Four TUSD schools that have received a D grade from the state two years in a row could be seeing a change of principals. If any of the schools' test scores show a significant improvement over last year's, those principals will probably keep their jobs. The District gets the scores in June, so right now everything is in limbo.

This is a complicated issue. I don't have enough information to know how capable the four principals are, but I do know the situation is filled with red flags.

All four schools have low income populations, and income is the single best predictor of student achievement. The schools also have lots of ELL students with language barriers that increase their educational difficulties.
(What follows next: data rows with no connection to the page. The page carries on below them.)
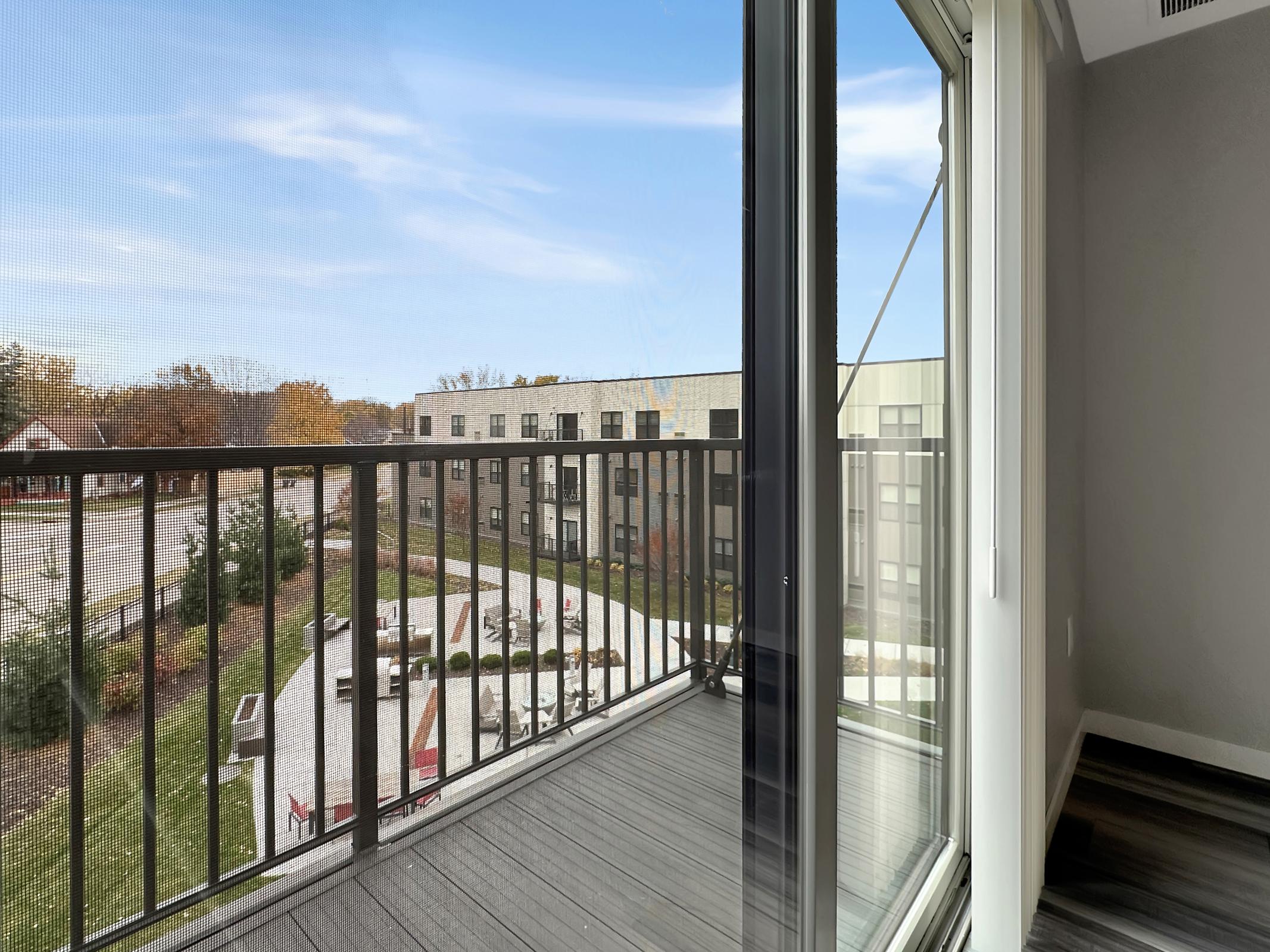 A view from a modern balcony, showcasing an outdoor courtyard with landscaped areas and seating. The sky is clear with a hint of blue, and nearby buildings feature contemporary architecture. The setting suggests a pleasant living environment with greenery and recreational space.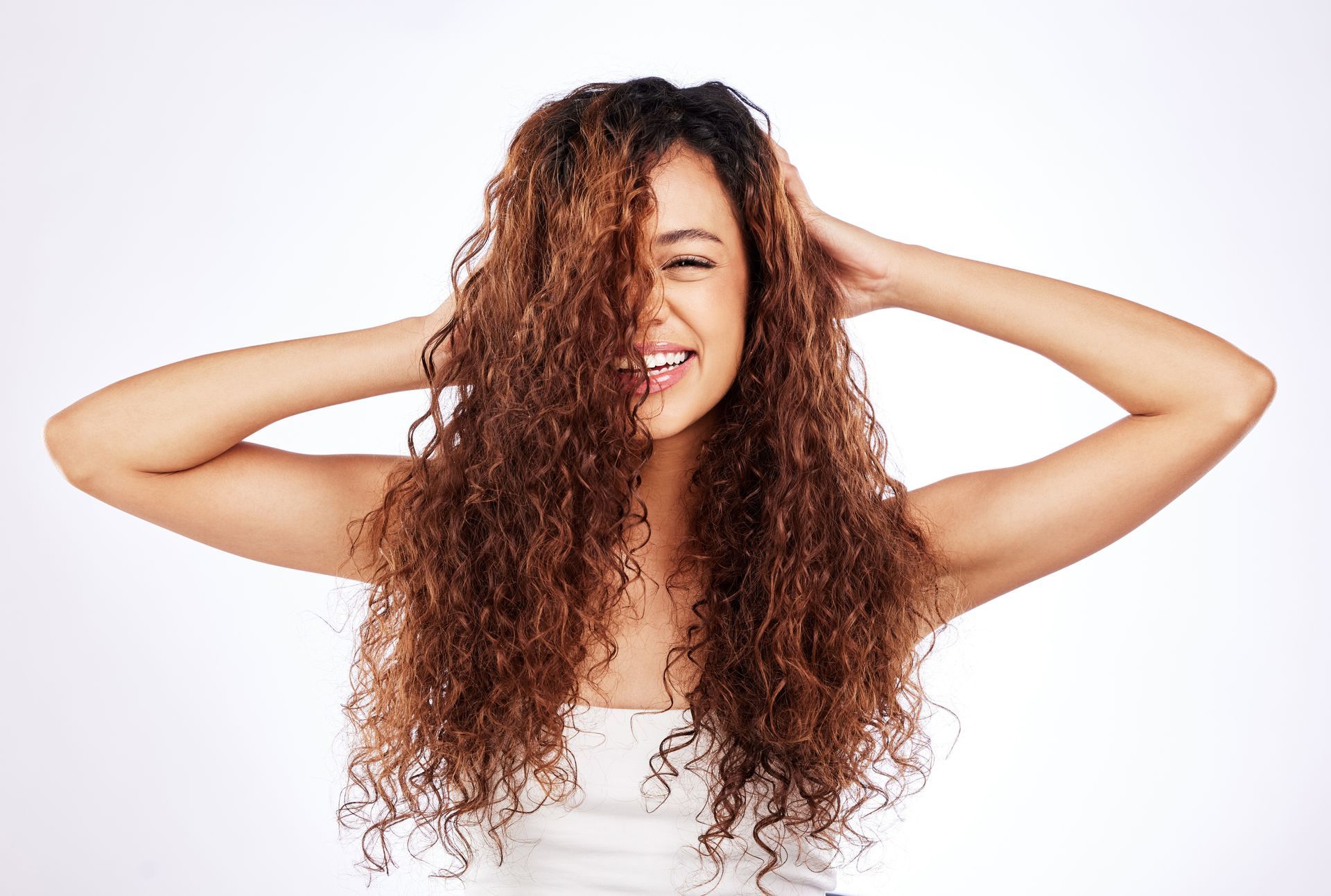 A woman with long curly hair is smiling and holding her hair.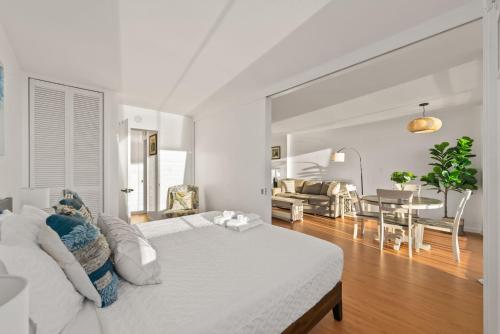 a white bedroom with a bed and a living room at Newly Renovated Oceanfront Waikiki- Ilikai Marina in Honolulu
If the principals were working in schools with higher income — meaning higher achieving — students, their jobs would probably be secure. In a real sense, the principals are being punished for the socioeconomic makeup of their student bodies.

The three elementary schools — Manzo, Ochoa Magnet and Utterback Magnet — range from 84% to 97% of their students on free or reduced lunch. The fourth school, Catalina High, has the least students on free/reduced lunch — 76% — but it also has students from all over the world (it has a large population of Sudanese refugees, for instance) with a wide variety of languages and cultures, which complicates its ELL education process exponentially.

To the extent these principals' jobs are hanging on the results of a standardized test that's stacked against their students, they're being judged unfairly. The AIMS test is a very crude instrument which is incapable of assessing the overall educational quality of a school.

On the other hand, if any of these principals isn't up to the job of meeting the critical educational needs of the students, that principal should be replaced. There's no room for mediocrity in a school leader, especially when the students face so many educational challenges.

I hope the Board does its due diligence and sounds out the school staff, parents and students to see what kind of "grades" they give their principals. If someone is doing a bad job, people involved with the school on a day-to-day basis know it better than a number generated by a fill-in-the-bubble standardized test.